This weekend Moesgaard Museum celebrated the Day of the Dead, or Día de Muertos, in style. We had paper flowers, coloured paper hangings, lively skeletons greeting our guests, face painting, and an altar for the dead.
And in our ethnographic exhibition, La Catrina and her male companion held court, as they do every day of the year (because in our exhibition The Lives of the Dead, it is the day of the dead everyday). Today, I want to tell you the story of La Catrina.
The Day of the Dead has deep roots in Mexican history, dating back to Pre-Columbian festivities for the dead, which has since been fused with later Christian beliefs. While the Day of the Dead is in essence a time, in which the veil between the living and the dead becomes thinner, allowing for an annual coming together across the void, it has also long been claimed as an opportunity to enact a bit of social commentary.
La Catrina first appeared in a broadside in 1910, in an illustration made by printmaker Jose Guadalupe Posada:
The original name of the print was “La Calavera Garbancera”, which was a term used to refer to native Mexicans, who cast off their own culture and took on that of the Europeans, adopting a French wardrobe and painting their faces to make their skin look whiter. In the picture, La Catrina looks out at the viewer with a skeletal grin, and a great plumed hat on her head; the hat which would go on to become a signature feature of La Catrina in the years to come. The original image, and the many iterations that followed, serves to remind us all (and perhaps especially the rich and influential) that in the end, we all suffer the same fate.
But as mentioned above, La Catrina’s heritage goes back much further. In the Aztec mythology, the goddess Mictēcacihuātl rules the underworld. Mictēcacihuātl was not as neatly dressed as the La Catrina of today. In fact, her body was flayed, and she would usually wear a skirt made of serpents, and an ornate headdress (admittedly, in the illustration below the headdress looks to be made of Poké balls, though surely that would change the entirety of human history if that was the case). Mictēcacihuātl’s tasks as queen of the underworld was twofold; firstly, she protected the bones of dead humans, as well as all the races that came before us, as the bones could be used for terrible things, if they fell into the wrong hands. Secondly, she presided over the yearly festivals of the dead.
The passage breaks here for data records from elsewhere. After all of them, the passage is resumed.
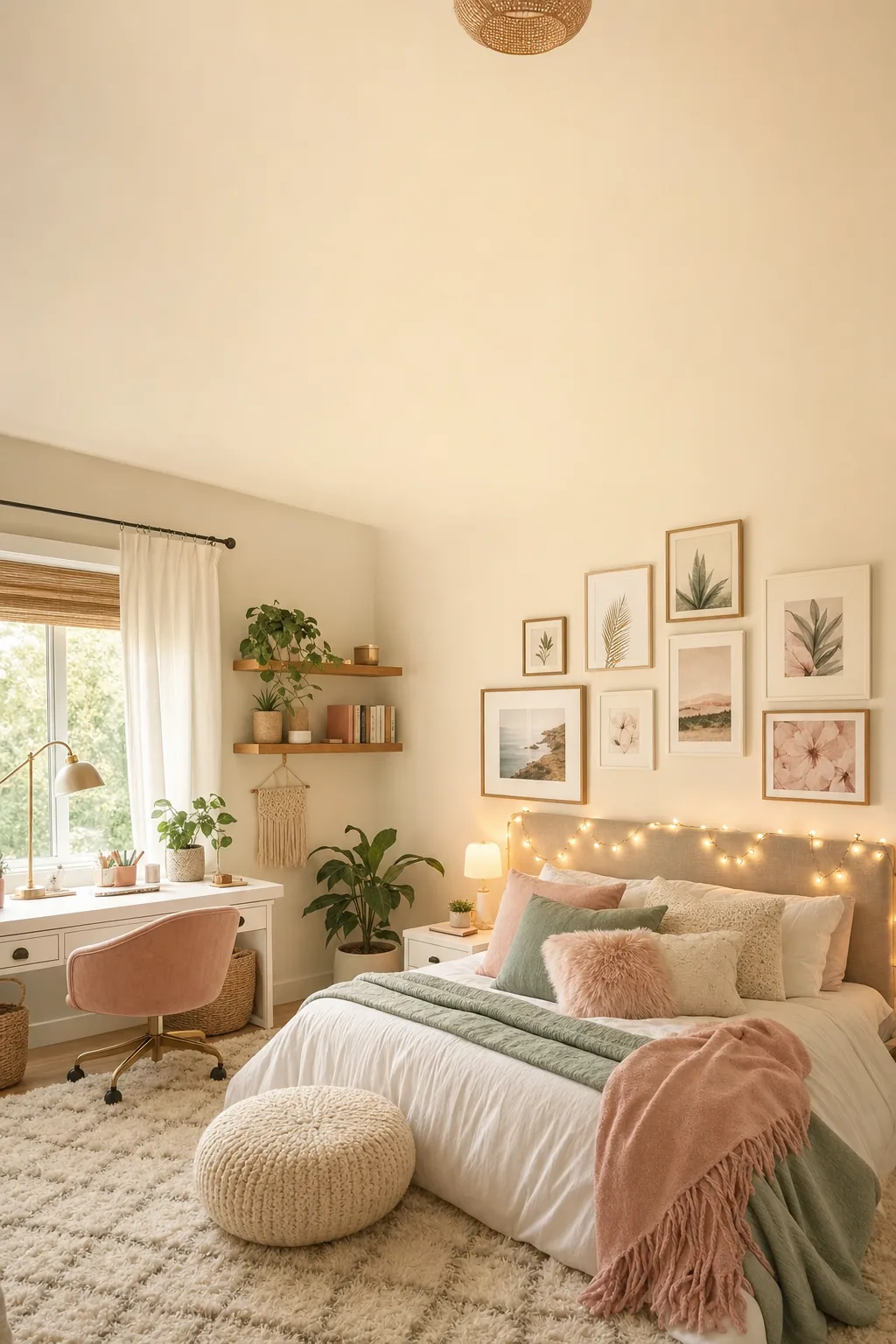 Stylish tween bedroom with cozy bedding, gallery wall, and fairy lights.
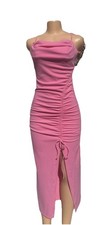 ZARA Pink Ruched Side Slit Midi Dress NWT Size S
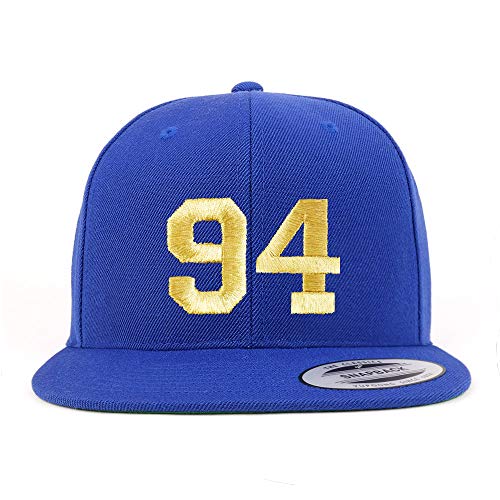 Trendy Apparel Shop Number 94 Gold Thread Flat Bill Snapback Baseball Cap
The idea of Mictēcacihuātl and the Aztec celebrations of the dead adapted with the arrival of the Spanish and Catholicism, and over the years all the various traditions became what is now celebrated as the Day of the Dead.
And every year, La Catrina, with her great plumed hat and deathly smile, reminds us that we are all equal in death. But also that even though the dead leave us, they are never that far away. And just maybe, a few days out of the year, they are even closer than we think.